|NASCAR tested a low-downforce aero package at Darlington, Sept. 5, 2015.|
Credit: Charlotte Bray for Skirts and Scuffs
In 2015, NASCAR introduced a high-downforce, lower-horsepower package. Drivers and fans alike have been vocal in their criticism of the racing produced by this rules package. A high spoiler, large splitter and large radiator pan create racing where aerodynamics play the larger part in how cars handle. Drivers feel the package takes the driving out of their hands, and complain they simply cannot pass each other as in years past.
"You just can't pass people," has been a common refrain during post-race interviews this year.
Clean air is king, and if you're mired in the middle of the field, your greatest hope of passing is on restarts. Because of the lower horsepower and high downforce, drivers are forced to be on the throttle almost constantly. The cars are slower on straights and faster in the corners, and extremely aero-sensitive. The cars are too easy to drive, almost driving themselves. Drivers want to race, not chase each other around the track with little hope of advancing.
Fans criticize the racing as unexciting. They want more passing, more lead changes and better finishes.
|A shortened spoiler and smaller splitter characterize the low-downforce package.|
Credit: Charlotte Bray for Skirts and Scuffs
They got their wish.
After months of collaboration with teams, drivers, manufacturers and Goodyear, NASCAR has come up with a rules package that promises to put control of the cars back in the drivers' hands. Cars will be harder to drive, with less grip and more throttle-break changes.

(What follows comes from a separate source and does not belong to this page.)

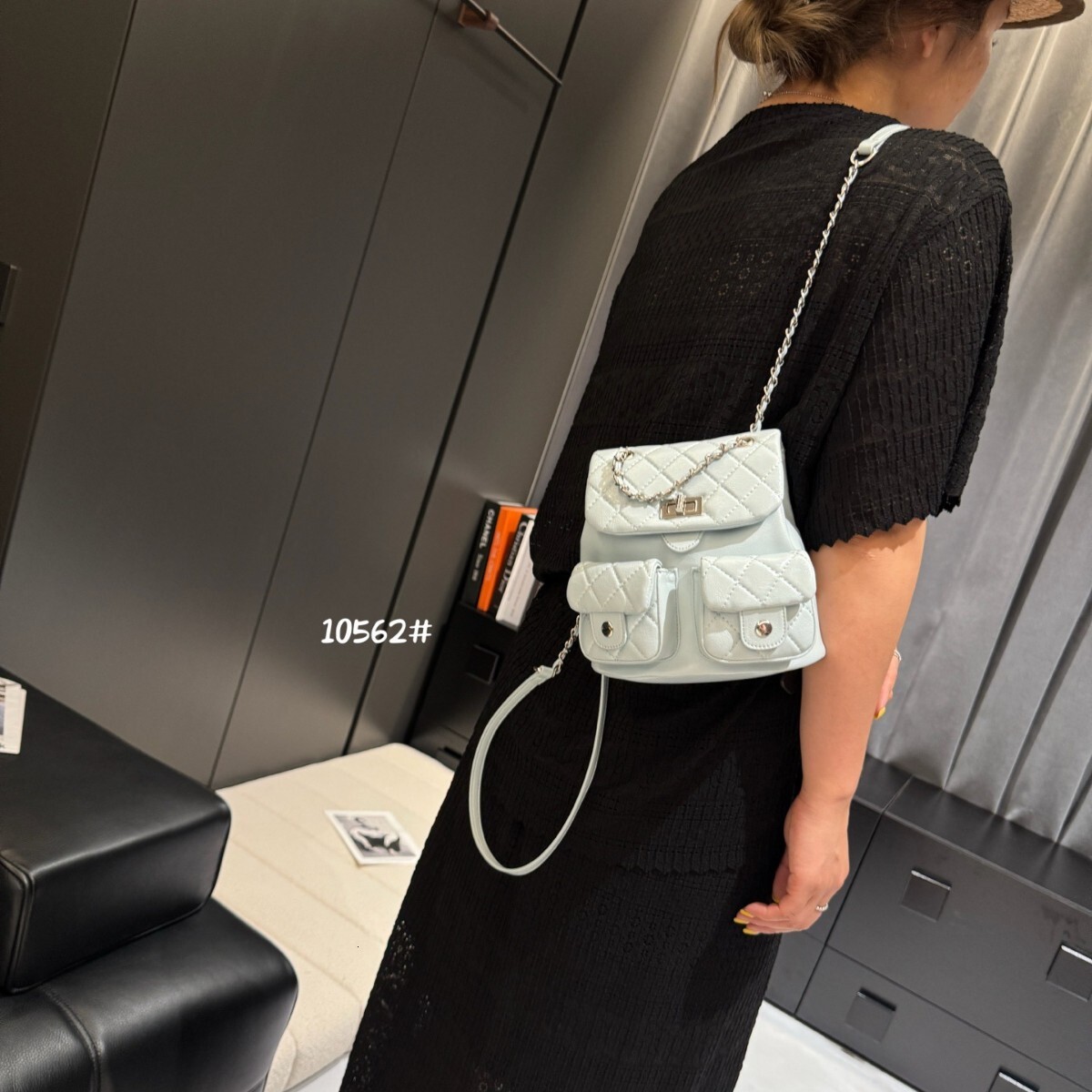 Free shipping designer bag 2025 Wind Lingge Chain Lock Buckle Backpack For Women Summer New Fashion Exquisite Frog Backpack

Additionally, the 2016 base rules package provides an opportunity for Goodyear to safely develop track-specific tires to complement aerodynamic effects for optimal racing.

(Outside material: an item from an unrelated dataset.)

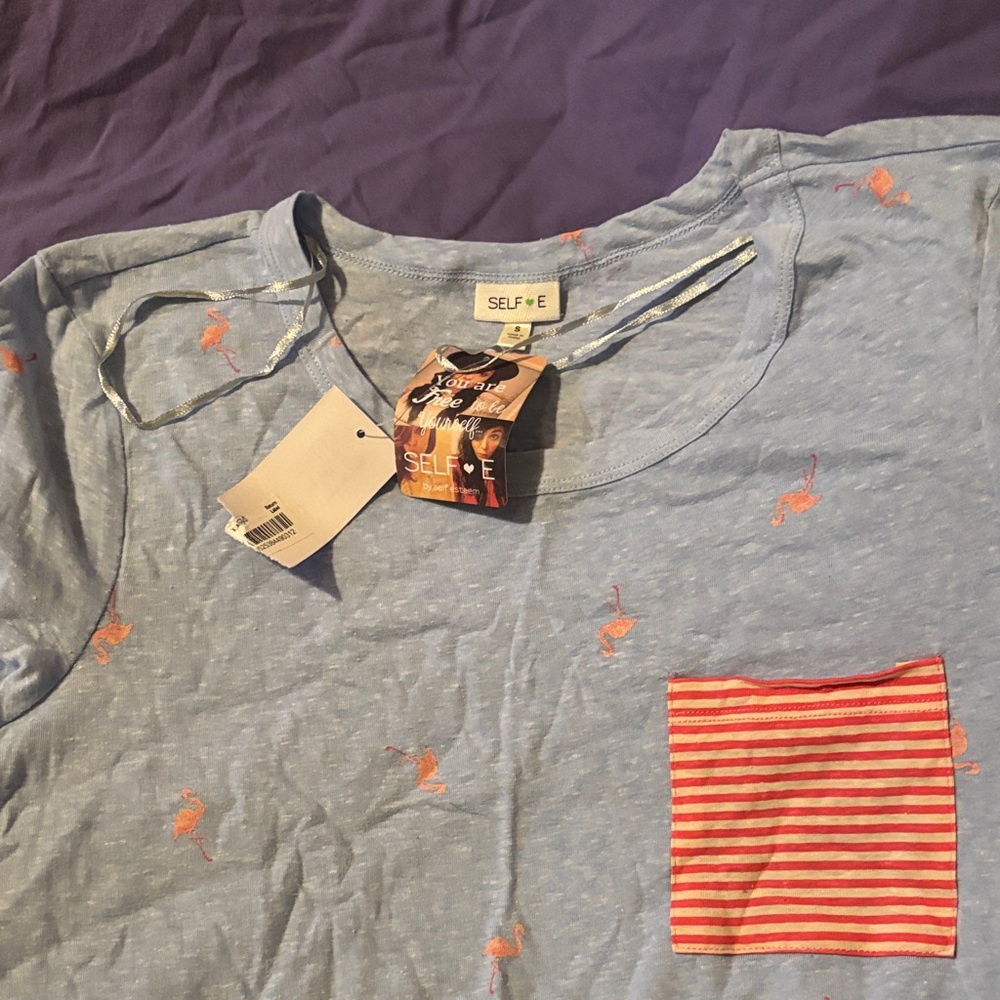 SELF+E Kids Light Blue Tee with Pink Flamingo Print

The base rules package does not include the individual track specifications (e.g. tire compounds and drivetrain rules) which will be released at a later date.
Below are the rules package specifics per NASCAR.com:
All tracks except superspeedways (Daytona, Talladega)
- 3.5-in. high rear spoiler (down from 6 in.)
- 0.25-in. front splitter leading edge (down from 2 in.)
- 33-in. wide radiator pan (down from 38 in.)
- Rear gear ratios adjusted to maintain 9,000 RPM maximum engine speed
- 1.38 third gear ratio for tracks smaller than 1.25 miles
- Engine roller lifters replace solid lifters (adds ~10 horsepower)
- Restrictor plate reduced from 29/32 in. to 57/64 in.
- Standardized radiator / oil cooler (effective July Daytona race)
- Digital dash in all vehicles (previously optional)
- Fire suppression system activation cable routed to dash or right-hand side leg board
- Right-hand side double NACA duct to cool drivers at tracks where side window is used
- Seat belt restraint systems must meet SFI 16.6 specifications
Downforce changes explained
Rear Spoiler: The rear spoiler redirects air flowing over the car, reducing lift. The higher the spoiler, the more air is redirected, and thus more downforce. A shorter spoiler provides less downforce on the rear tires, leaving them with less grip on the racing surface.
Front Splitter: The front splitter affects downforce by "splitting" the air pressure at the front of the car. The air hitting the bumper becomes high pressure, and the air under the car becomes an area of low pressure. This pushes the front end of the car toward the track, creating more downforce and thus traction. The more a splitter extends from the bumper, the more downforce is created. The smaller splitter will reduce that front downforce on the front tires.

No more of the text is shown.